An artist, Olafur Eliasson, once built an installation where he fabricated the sun. I remember being impressed with the grandiosity of the work. A massive, luminous orange orb hung over a cavernous hall. There were no windows, but the “sun” made the enclosed space feel open and warm. Eliasson created artworks that made us think about our relationship with light. His works used the immersive spectacle of art to take us out of our everyday experiences, to give us perspective and make room for contemplation. I wonder what those sun-lovers contemplated when they themselves became part of the work. Museum-goers lounged and stretched out on the floor as though sunbathing. I think about “bathing” in the sun, being cleansed by light. Feeling alive and fresh in the glow. How powerful that even the fake sun of an art installation elicited this response. It spoke to a particular relationship humans had with the sun, back before the FOSdeaths. For thousands of years, poets and artists used light to evoke joy and wisdom. I think of the words used to describe wisdom, play with them in my mind: enlightenment, insight, illumination. Light was used as a metaphor for our creative understanding of the world. The living had a sweet connection to light back then. Light was life. This artwork was exhibited in London, a city known for its cloudy, gloomy weather. Those visitors were starved for the sun as, day after day, they trudged through drizzling rain. So starved, that they ironically went to an indoor art exhibit to experience the power of the sun. Of course they luxuriated in the radiant luminescence. But, that was before.

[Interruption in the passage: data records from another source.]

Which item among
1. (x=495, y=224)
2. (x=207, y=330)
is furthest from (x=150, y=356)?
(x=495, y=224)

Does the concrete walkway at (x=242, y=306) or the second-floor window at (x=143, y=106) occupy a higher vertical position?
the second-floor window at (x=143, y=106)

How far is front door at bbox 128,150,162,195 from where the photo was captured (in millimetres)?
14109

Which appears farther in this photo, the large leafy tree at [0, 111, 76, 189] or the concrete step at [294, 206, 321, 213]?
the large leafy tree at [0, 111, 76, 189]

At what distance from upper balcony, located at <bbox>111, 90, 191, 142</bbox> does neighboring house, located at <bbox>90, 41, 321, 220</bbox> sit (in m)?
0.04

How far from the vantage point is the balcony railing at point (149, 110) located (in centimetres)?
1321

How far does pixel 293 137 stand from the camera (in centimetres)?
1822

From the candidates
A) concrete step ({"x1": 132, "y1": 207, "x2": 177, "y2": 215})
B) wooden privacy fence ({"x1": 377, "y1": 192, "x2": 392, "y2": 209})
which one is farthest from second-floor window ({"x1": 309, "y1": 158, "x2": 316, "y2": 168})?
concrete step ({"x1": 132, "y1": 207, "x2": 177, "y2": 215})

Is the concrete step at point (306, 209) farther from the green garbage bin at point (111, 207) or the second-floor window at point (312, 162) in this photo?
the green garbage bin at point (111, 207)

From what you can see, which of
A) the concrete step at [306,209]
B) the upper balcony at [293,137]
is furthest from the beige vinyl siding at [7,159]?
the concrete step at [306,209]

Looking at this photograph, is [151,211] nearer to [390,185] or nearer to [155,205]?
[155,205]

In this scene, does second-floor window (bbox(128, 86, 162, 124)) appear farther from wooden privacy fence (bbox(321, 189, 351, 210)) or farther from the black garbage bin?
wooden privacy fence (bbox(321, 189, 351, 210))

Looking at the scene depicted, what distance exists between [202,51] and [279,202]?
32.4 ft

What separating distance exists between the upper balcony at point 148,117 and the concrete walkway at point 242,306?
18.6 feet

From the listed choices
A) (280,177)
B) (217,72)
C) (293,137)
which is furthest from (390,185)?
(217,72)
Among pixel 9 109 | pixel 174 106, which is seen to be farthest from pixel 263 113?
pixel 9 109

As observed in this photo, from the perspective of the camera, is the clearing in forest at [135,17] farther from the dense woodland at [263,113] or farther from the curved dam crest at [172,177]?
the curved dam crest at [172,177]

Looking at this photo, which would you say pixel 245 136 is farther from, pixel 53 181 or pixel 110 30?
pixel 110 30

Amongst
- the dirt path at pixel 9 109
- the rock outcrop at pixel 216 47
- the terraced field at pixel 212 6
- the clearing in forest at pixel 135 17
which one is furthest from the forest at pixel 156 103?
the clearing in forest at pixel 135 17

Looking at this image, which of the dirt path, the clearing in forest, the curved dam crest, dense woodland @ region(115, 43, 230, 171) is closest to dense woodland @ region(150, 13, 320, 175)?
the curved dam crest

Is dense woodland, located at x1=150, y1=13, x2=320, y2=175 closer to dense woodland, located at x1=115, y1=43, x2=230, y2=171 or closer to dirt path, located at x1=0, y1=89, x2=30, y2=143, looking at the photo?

What would we think of Eliasson’s installation now? Imagine the horror this work would evoke. Our relationship with light and dark has become psychologically complex. Photosensitivity creates a reactive photophobia which leads to sensory hyper-awareness and the position of feeling vulnerable in our own world.Newer perceptions battle with memories of light in safer times. Desire for and aversion to light coexists for Photo-sensitives (or “Photosens”, as we call ourselves.). We are alienated in a new world of sublime danger. We are never in control but instead are subject to the power of Nature. That which gives life, now also destroys.